*** Opening SOURCE DATA ***
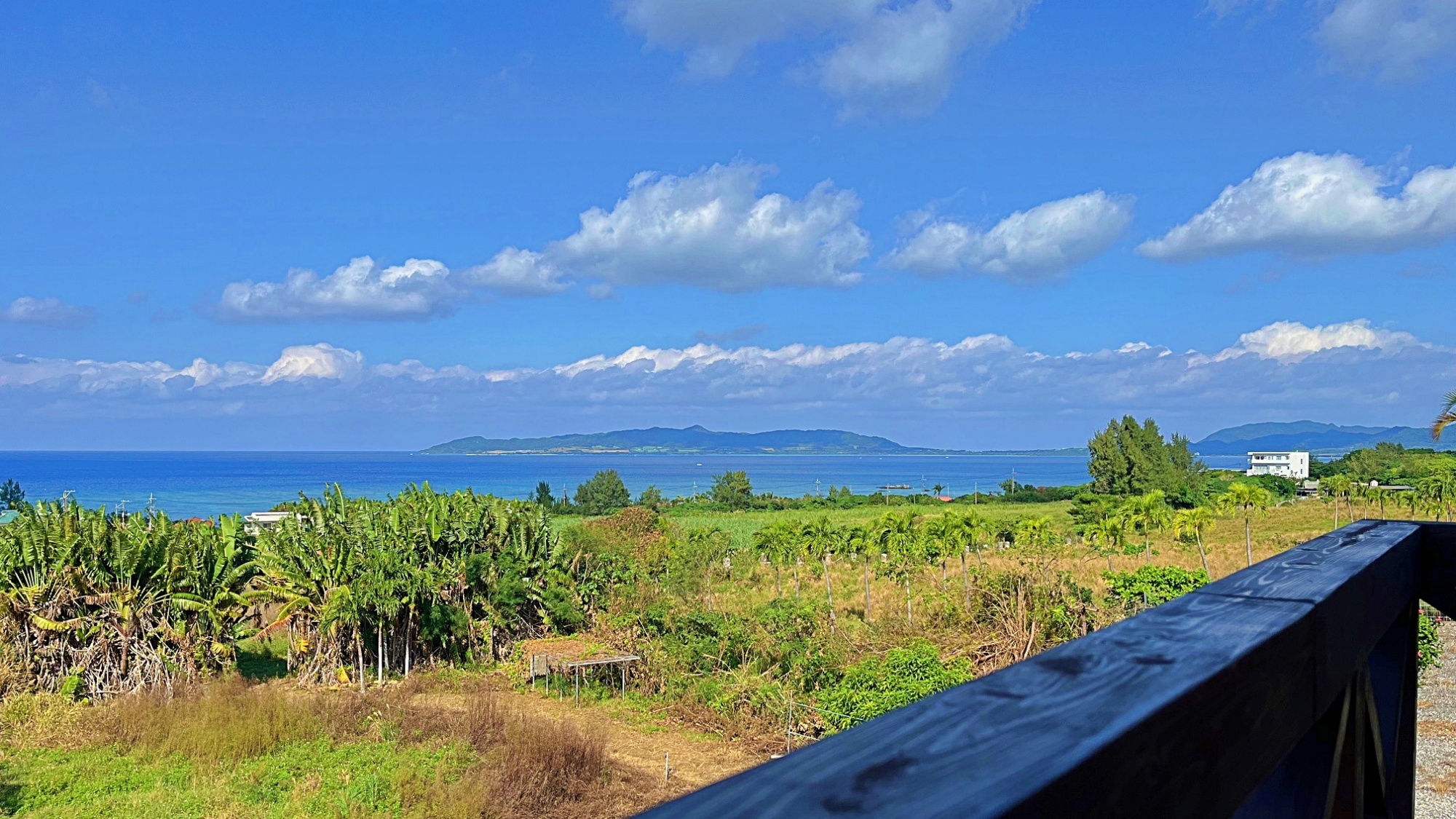 ◆－テラス－　小浜島・西表島など八重山諸島も見渡せるパノラマオーシャンビュー♪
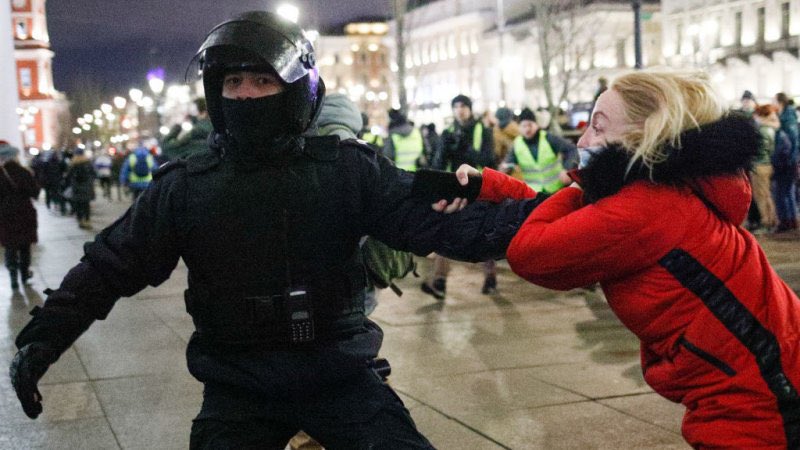 mauroberruto's tweet photo. 4.300 persone che protestavano contro la guerra sono state fermate  dalla polizia in #Russia nella giornata di oggi. 
Il direttore del teatro #Bolshoi si è dimesso.
Tutto questo perché la  #Russia non è #Putin.
#RussiaIsNotPutin 

#StopWar #NoWar #UkraineRussianWar https://t.co/ddSnpindsS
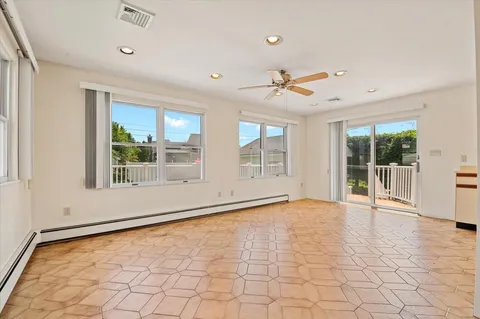 $878,888 | 20 Deb Street, Plainview, NY 11803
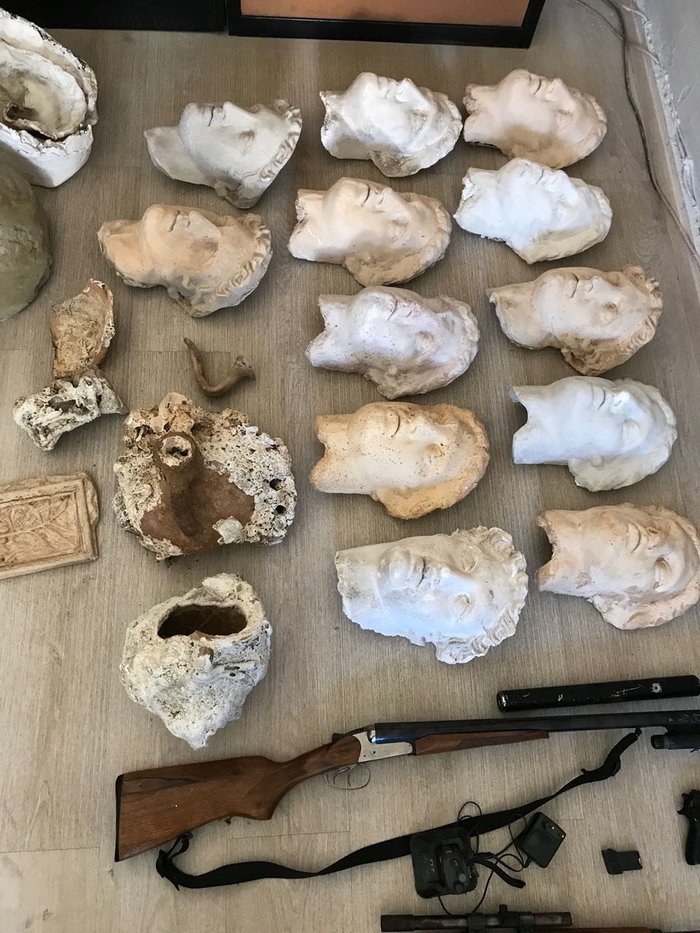 Ανδρόγυνο Γερμανών συνταξιούχων στη φάκα για αρχαιοκαπηλία και όπλα - εικόνα 3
*** Closing SOURCE DATA ***
### TO DO
No pictures should appear in the copy, and each record above is to be returned exactly.

### SOLUTION FOR THIS TASK
 ◆－テラス－　小浜島・西表島など八重山諸島も見渡せるパノラマオーシャンビュー♪
 mauroberruto's tweet photo. 4.300 persone che protestavano contro la guerra sono state fermate  dalla polizia in #Russia nella giornata di oggi. 
Il direttore del teatro #Bolshoi si è dimesso.
Tutto questo perché la  #Russia non è #Putin.
#RussiaIsNotPutin 

#StopWar #NoWar #UkraineRussianWar https://t.co/ddSnpindsS
 $878,888 | 20 Deb Street, Plainview, NY 11803
 Ανδρόγυνο Γερμανών συνταξιούχων στη φάκα για αρχαιοκαπηλία και όπλα - εικόνα 3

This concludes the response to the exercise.